During construction of the Lamson and Boom Birch projects, there were no worker injuries or motorist incidents. Since the completion of the projects, and as of the date of this report, no motorist or highway user safety incidents have been reported.

CONGESTION

Using cast-in-place bridge construction for this type and scope of project typically would require between 24 and 36 weeks. The Boom Birch project was completed in 6.5 weeks, a reduction of between 73 and 82 percent, and the Lamson project was completed in 8 weeks, a reduction of between 67 and 78 percent.

QUALITY

Lamson "On-board" Sound Intensity

On-board sound intensity (OBSI) testing was conducted prior to the Lamson project construction on July 2, 2007, and after rehabilitation on November 15, 2007. Testing included the approach to the bridge as well as the bridge itself, and was conducted at 35 mph.

OBSI measurements were made using the latest accepted technique, which included dual vertical sound intensity probes and an ASTM Standard Reference Test Tire (SRTT). The sound measurements were recorded using the Bruel and Kjaer PULSE software and data collection system. A minimum of three runs were made in the right wheel path of each traffic direction. The two microphone probes simultaneously collected noise from the leading and trailing tire/pavement contact areas. Figure 19 shows the dual probe instrumentation and the tread pattern of the SRTT.

Photographs of the SI dual probe system and the SRTT.
Figure 19. SI dual probe system and the SRTT.

The average of the front and rear SI values was then computed with the Bruel & Kjaer PULSE software, which utilizes Fourier transform to analyze the raw data signals over the full length of the project to produce sound intensity values. Raw noise data were normalized for the ambient air temperature and barometric pressure at the time of testing. The resulting mean SI levels are A-weighted to produce the noise-frequency spectra in 1/3rd octave bands, as shown in figure 20.

Graph of A-weighted, SI frequency spectra in 1/3rd octave bands for the Lamson Bridge
Figure 20. Lamson mean A-weighted SI frequency spectra.

Global noise levels were calculated by averaging values from the northbound and southbound lanes and then using logarithmic addition of the 1/3 octave band frequencies between 315 and 4000 Hz. The global noise levels are 94.8 and 95.8 dB(A) for pre- and post-rehabilitation, respectively. Even though the original project surface was distressed and weathered, the newly constructed asphalt overlay is 1.0 decibel higher than the original construction. The slight increase in noise is in the upper frequencies (1000 Hz and higher) and is not as noticeable to the human ear as lower frequencies. For reference, a 3.0 decibel difference in noise is considered noticeable. Both the pre- and post-test results met the project goal of 96 dB(A) or less.

Lamson Smoothness Testing

Smoothness testing at Lamson was done in conjunction with noise testing utilizing a laser profiler manufactured by International Cybernetics Corporation built into the noise test vehicle. Figure 21 is an image of the test vehicle showing the laser positioned in-line with the right rear wheel. A minimum of three test runs were performed in each wheel path in each direction. The northbound and southbound test runs are averaged to produce a singe IRI value with units of in/mile.

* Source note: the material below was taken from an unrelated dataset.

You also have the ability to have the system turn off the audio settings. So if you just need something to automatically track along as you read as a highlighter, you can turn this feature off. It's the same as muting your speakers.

Photograph of the laser profiler mounted behind the test vehicle.
Figure 21. Laser profiler mounted behind the test vehicle.

The overall IRI values are 301 and 389 in/mi for pre- and post-construction, respectively. Figure 22 shows large peak values north of the bridge in the general location as distresses in the original pavement. Irregularities in the new overlay at the location of the original distressed pavement contributed substantially to an increased IRI. Figure 23 is an image of the post-construction pavement showing irregularity in the surface located where the highest IRI values occur.

Graph showing large peak values north of the Lamson Bridge in the general location as distresses in the original pavement.
Figure 22. Lamson mean IRI values.

Photograph of the finished Lamson Bridge pavement with a visible irregularity.
Figure 23. Finished Lamson Bridge pavement (note the irregularity in the right foreground).

Boom Birch "On-board" Sound Intensity

OBSI testing was performed prior to the Boom Birch construction on July 3, 2007, and after rehabilitation on November 17, 2007. Testing included the approach to the bridge as well as the bridge itself, and was conducted at 45 mph. The test equipment and procedures were the same as used on the Lamson project. The Boom Birch resulting mean SI levels are A-weighted to produce the noise-frequency spectra in 1/3rd octave bands as shown in figure 24.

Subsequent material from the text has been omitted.